For example: on February 14, 2012, President Obama signed Public Law 112-95, the FAA Modernization and Reform Act of 2012. Section 311 amended Title 18 of the United States Code (18 U.S.C.), Chapter 2, § 39, by adding § 39A, which makes it a Federal crime to aim a laser pointer at an aircraft. *The crime is punishable by* *a fine up to $250,000 and five years imprisonment*. _That law covers any laser of any output level. Anything that happens because of pointing a laser at an aircraft (crash, vision damage, etc...) is punishable separately._

Florida state laws regarding improper use of lasers are also for any laser of any output level. 

In fact the only place I'm able to find any limitation on laser power in usage, is in the use of lasers for public display's &/or laser light shows which are limited to 5mW or less. 

Basically, if you wanted to own a 500W laser, you likely can. If you want to use said laser in a safe manner that has no potential to harm others, you likely can. But as soon as you point the beam at another person, be they sleeping, standing, sitting, riding in a craft of any kind, or driving / piloting a craft of any kind... 99% chance you're breaking at least one law & probably more. 
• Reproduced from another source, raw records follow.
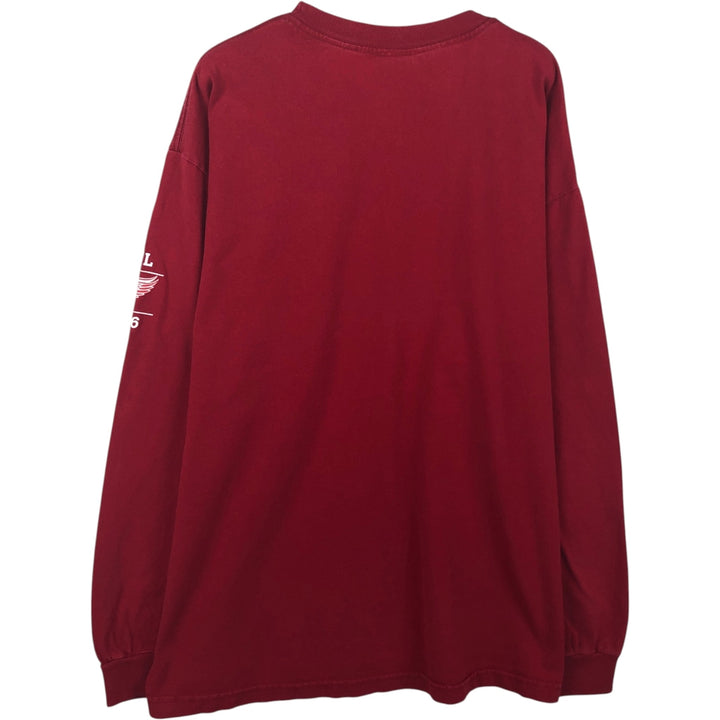 OLD TOME SPORTS NHL DETROIT RED WINGS Long-Sleeve T-Shirt (Men's Size L) cotton red type Vintage Second Hand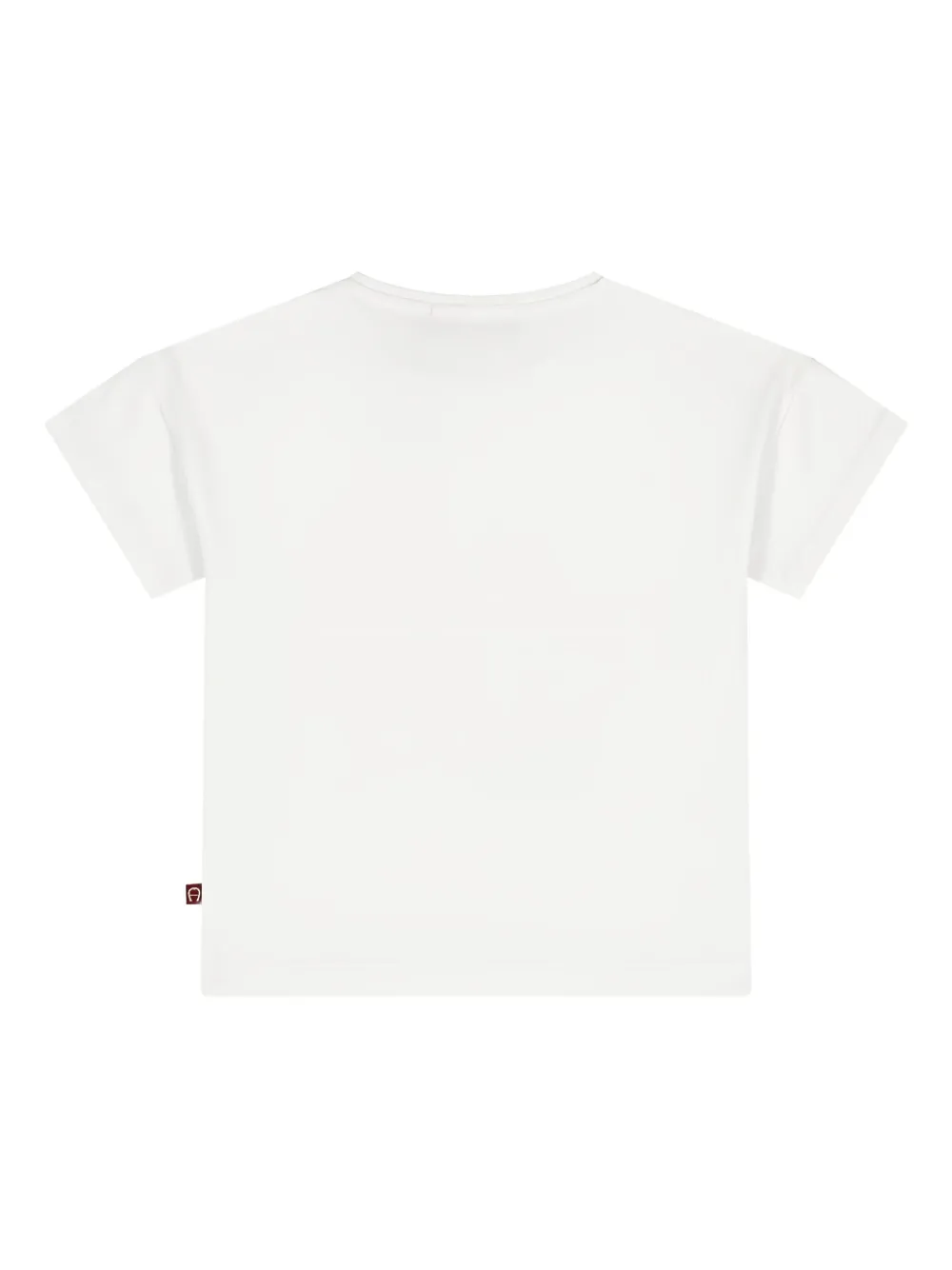 Aigner Kids T-shirt met logoprint Wit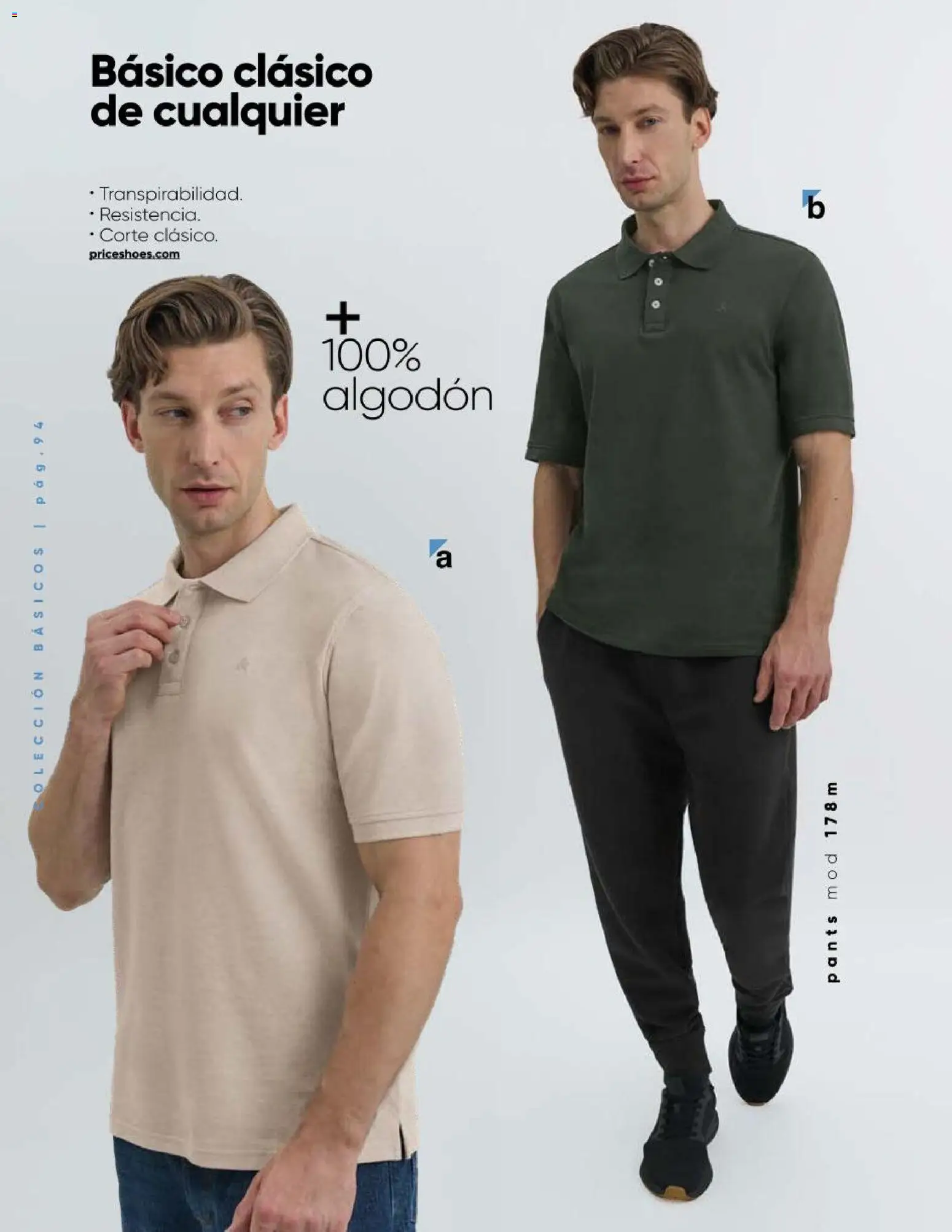 Nuevas ofertas de Price Shoes válidas en toda la República Mexicana desde el 23/07/2026. ¡Encuentra las mejores ofertas en Price Shoes catálogo Básicos! | Página: 94 | Productos: Algodón, Pants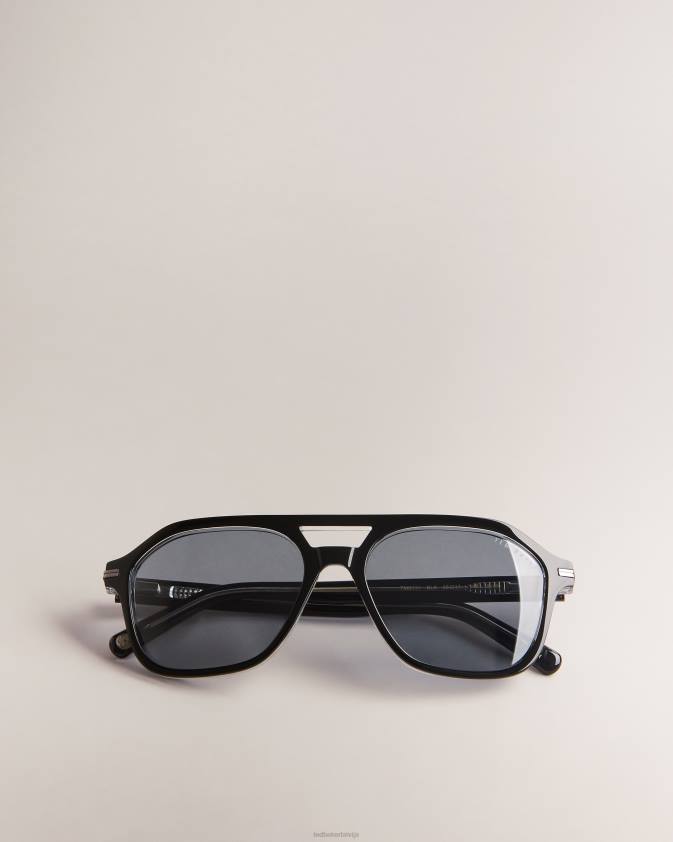 Piederumi Ted Baker blkavi ģeometriskās aviatora saulesbrilles melns vīriešiem 26TV2060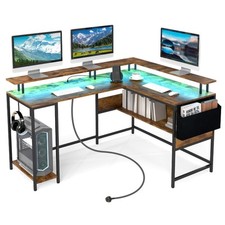 COSTWAY L-Shaped Gaming Desk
*Again, this is only for the United States.*


----------



## bestellen

Recommend this article: http://www.laserpointersafety.com/rules-general/uslaws/uslaws.html


----------



## Take_em

ChickenGuy said:


> Throwing rocks is also dangerous and has the potential to do much more harm. Wal Mart shopping bags kill many more people than lasers.
> As far as that goes, driving a car is more dangerous than throwing rocks. Obviously its not the item. Its the how the individual handles it. Making things legal or illegal only makes the public feel better.


You are spot on. I couldn't agree more. Personal responsibility is lacking these days.


----------